River Teeth: a preface

1 thoughts
An author, by the name of David James Duncan. He's written some of my favorite books: The River Why, The Brothers K, and River Teeth, among others. He is big on philosophy and is a stunning read in any case, but it is River Teeth that I would like to discuss today.

 River Teeth is a series of short stories that describe various "river teeth" Duncan has experienced throughout his life. Allow me to provide the definition of a "river tooth", a direct quote from the book, before I continue. 

River Tooth (a metaphor): Our present-tense human experience, our lives in the inescapable present, are like living trees. Our memory of experience, our individual pasts, are like trees fallen in a river. The current in that river is the passing of time. And a story - a good, shard story - is a transfusion of nutrients from the old river log of memory into the eternal now of life.
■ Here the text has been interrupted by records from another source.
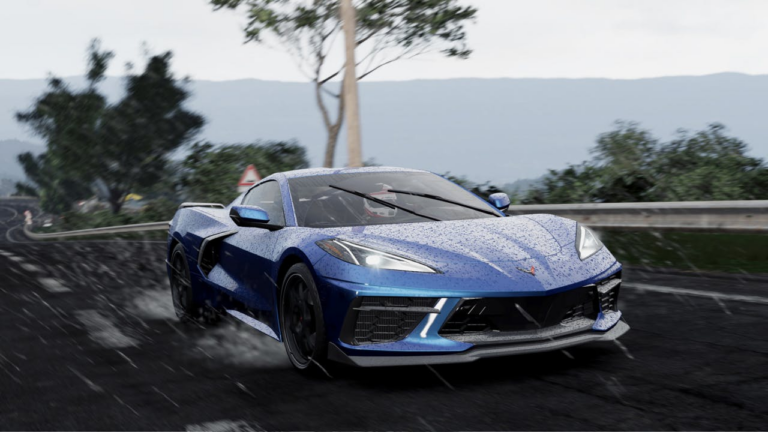 ‘Project Cars 4 moet meest realistische simulatie ooit worden’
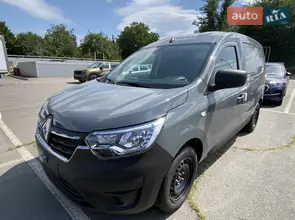 Renault Express Van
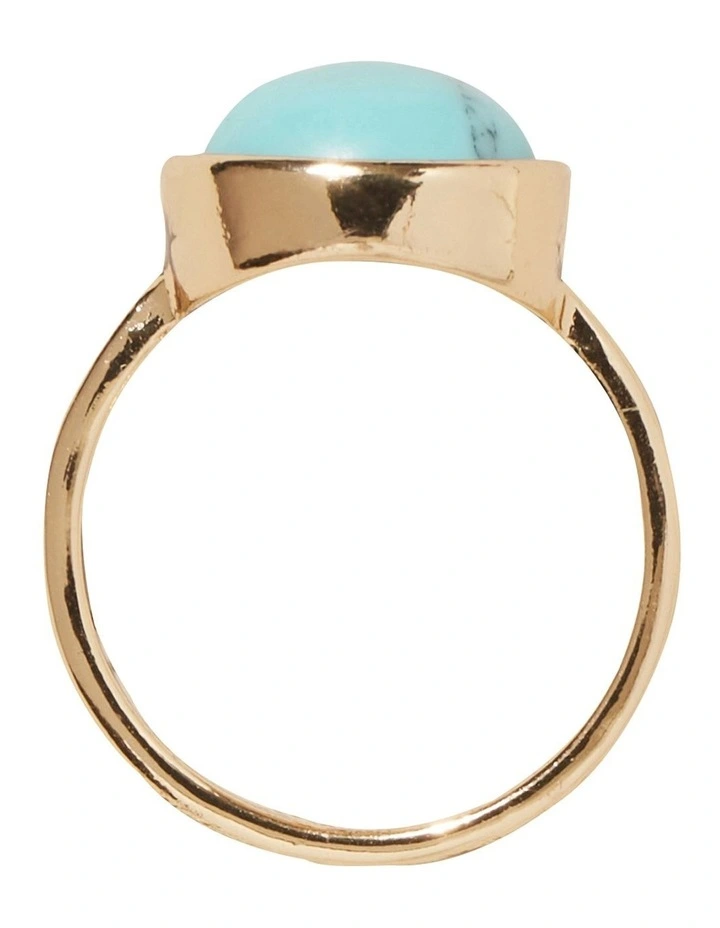 Stone Ring 1 Stone Ring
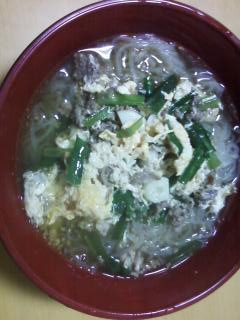辛麺^^-レシピのメイン写真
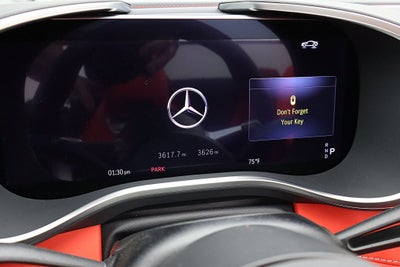 2023 Mercedes-Benz AMG® SL 43 4MATIC®+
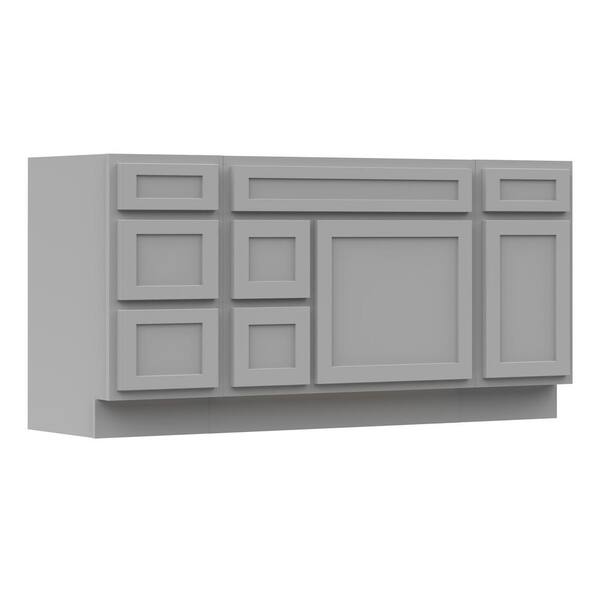 66 inch bathroom vanity without top sales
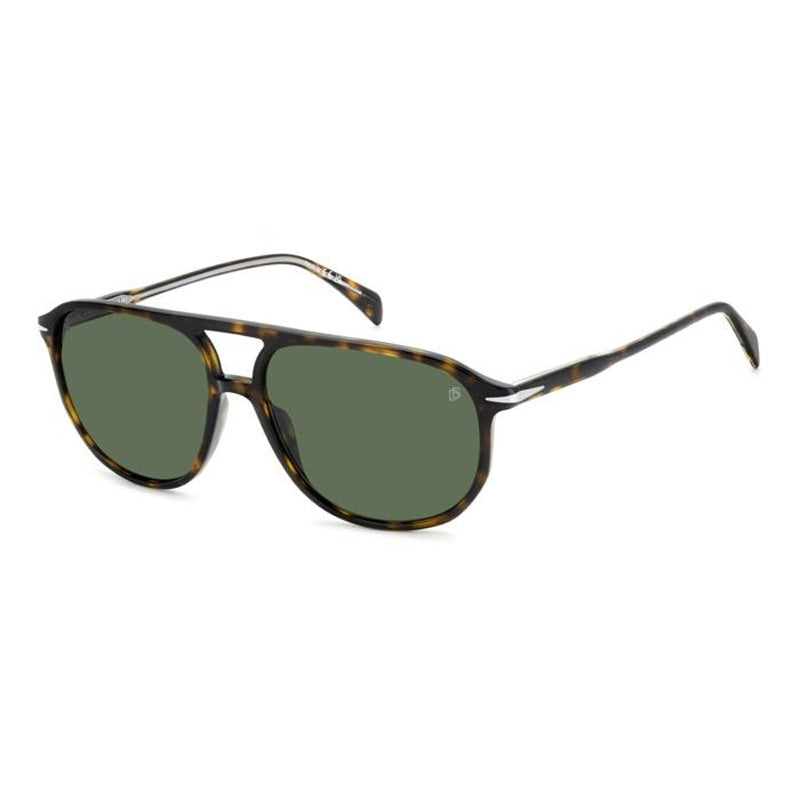 David Beckham Sunglasses, Model: DB1159S Colour: 086UC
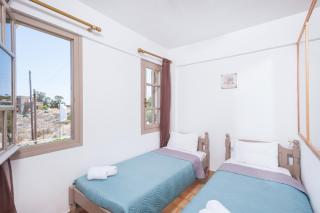 Panorama-Seaview Studios & Apartments - Hersonissos - 5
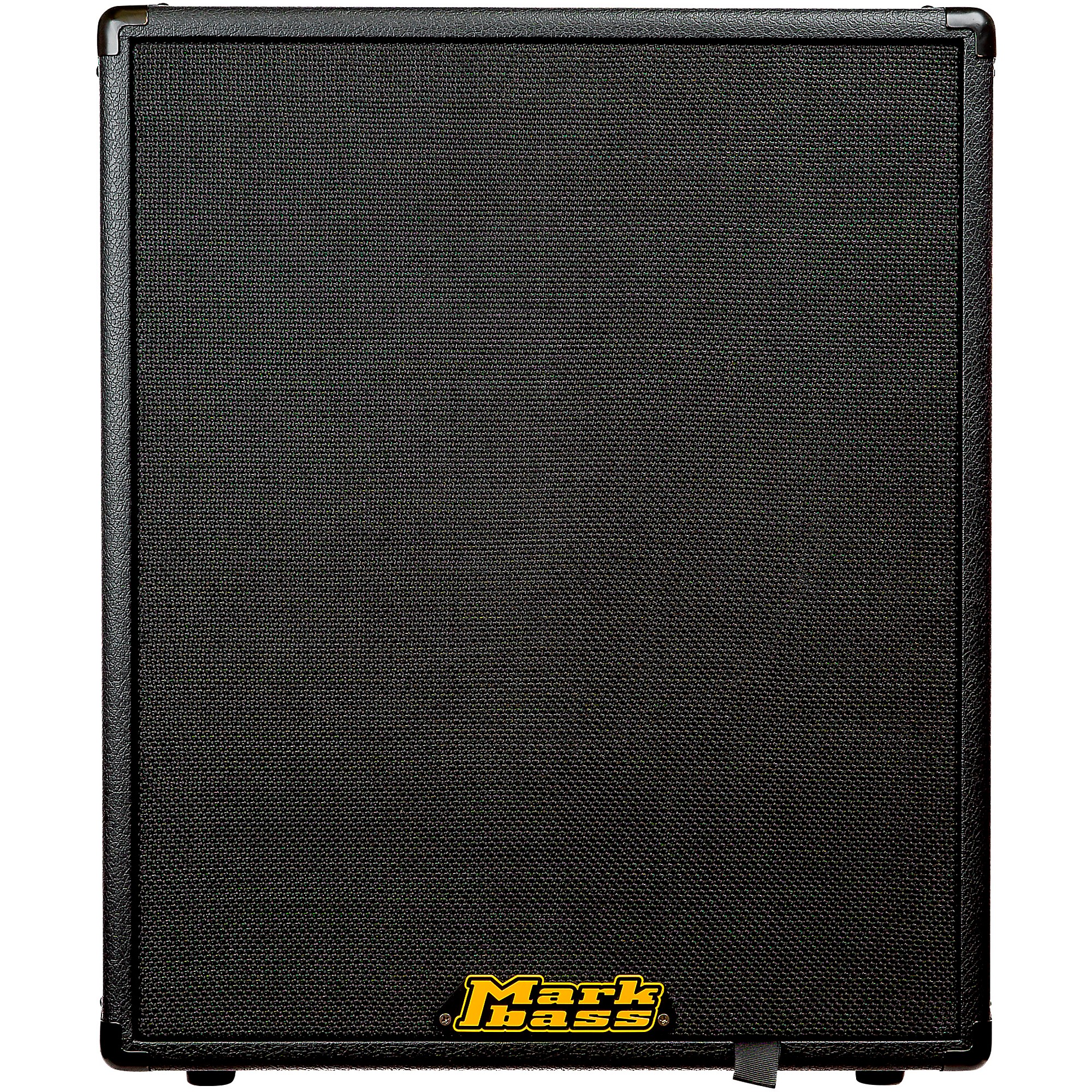 Markbass CMB 151 Black Line 150W 1x15 Combo Bass Amp | Music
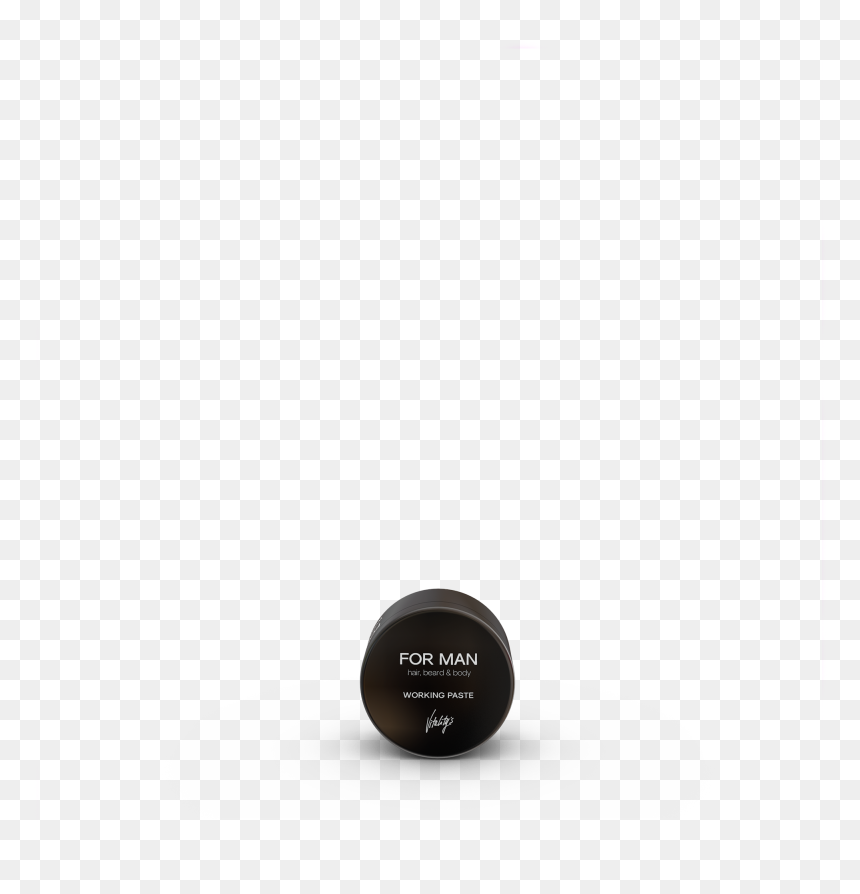 For Man Working Paste 75ml - Eye Shadow, HD Png Download - man working png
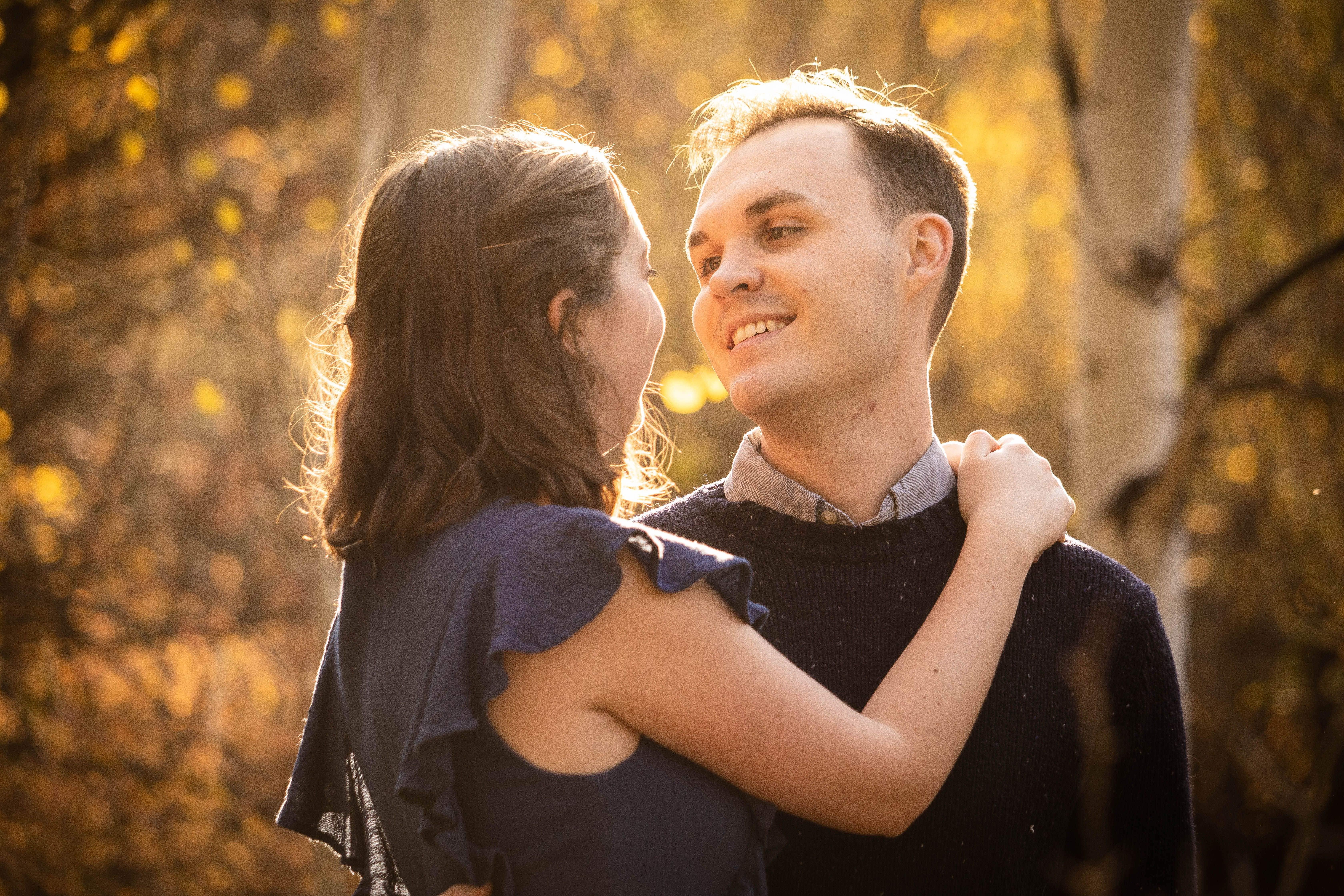 The Wedding Website of Ariel Maggi-Byers and Keenan Goodwine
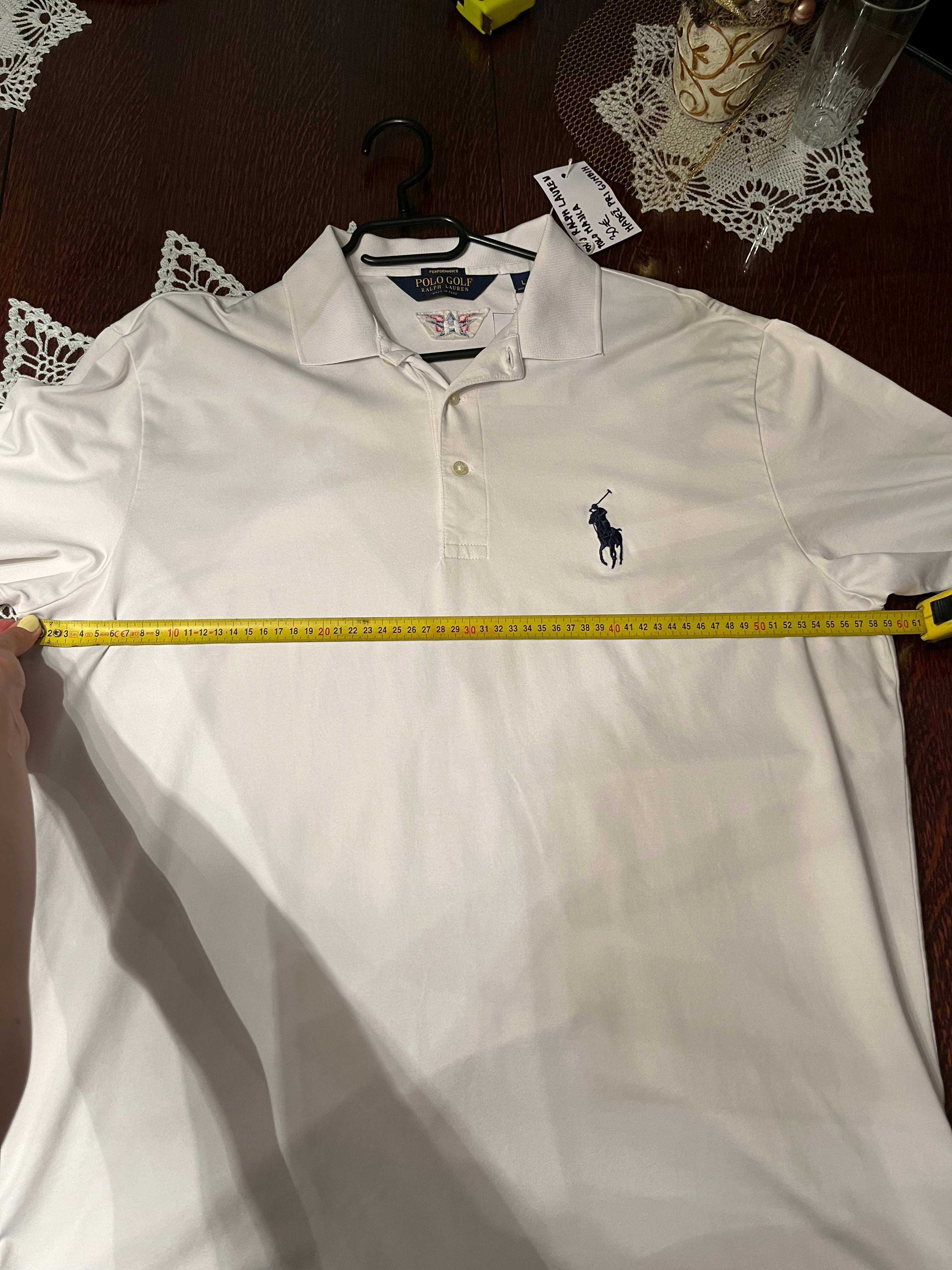 Ralph Lauren Polo Shirt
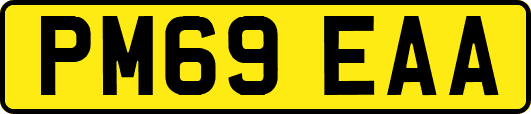 PM69EAA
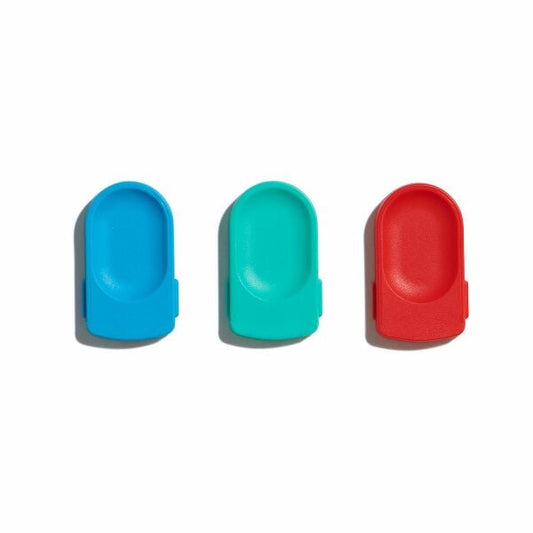 Closeable Slider Pack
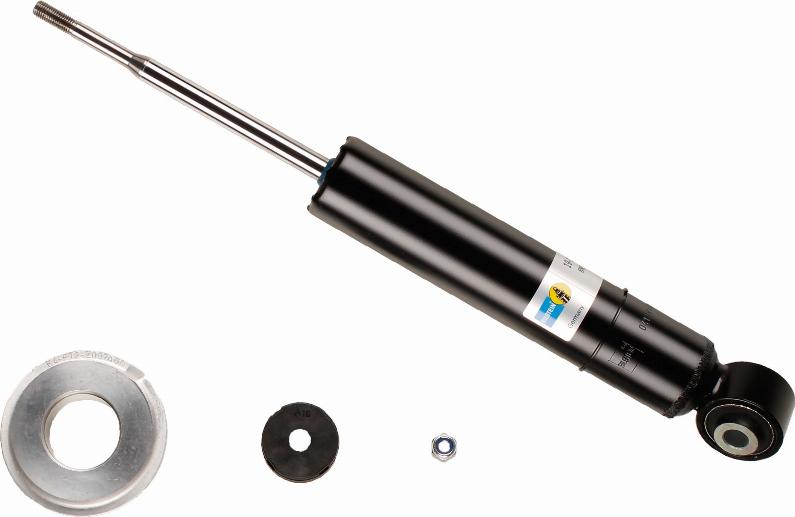 Bilstein 19-173580 - Shock Absorber www.autospares.lv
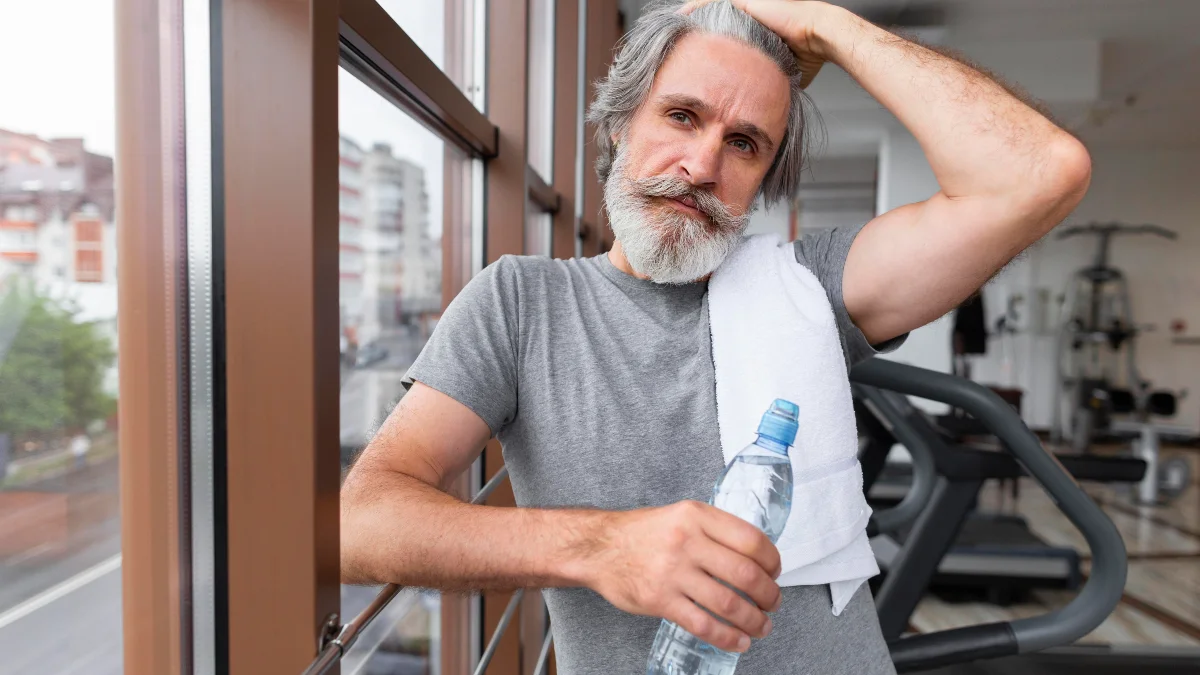 Why More Muscle Lowers Your Blood Sugar?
But as the current of time keeps flowing, the aging log begins to break down. Once-vivid impressions begin to rot. Years run together. We try to share, with an old friend or spouse, some "memorable" past experience and end up arguing instead about details that don't jibe. Chunks of the log begin to vanish completely... There are, however, small parts of every human past that resist this natural cycle: there are hard, cross-grained whorls of memory that remain inexplicably lodged in us long after the straight-grained narrative material that housed them has washed away. Most of these whorls are not stories, exactly: more often they're self-contained moments of shock or of inordinate empathy; moments of violence, uncaught dishonestly, tomfoolery; of mystical terror; lust; preposterous love; preposterous joy. These are our "river teeth" - the time-defying knots of experience that remain in us after most of our autobiographies are gone.

Duncan's hope in writing River Teeth was

"..to let go of what can't be saved, to honor what can and perhaps to make others more aware of, and more willing to accept and share, the same cycle in themselves."

I find the metaphor of a river tooth to be relate-able, and have similar desires. I may write journal entries that are titled "River Tooth #X", with the intention of sharing such stories. If you think that those stories would enrich you or entertain you, I encourage you to read them. But if they would bore you, feel free to leave them. They are in my river, anyway.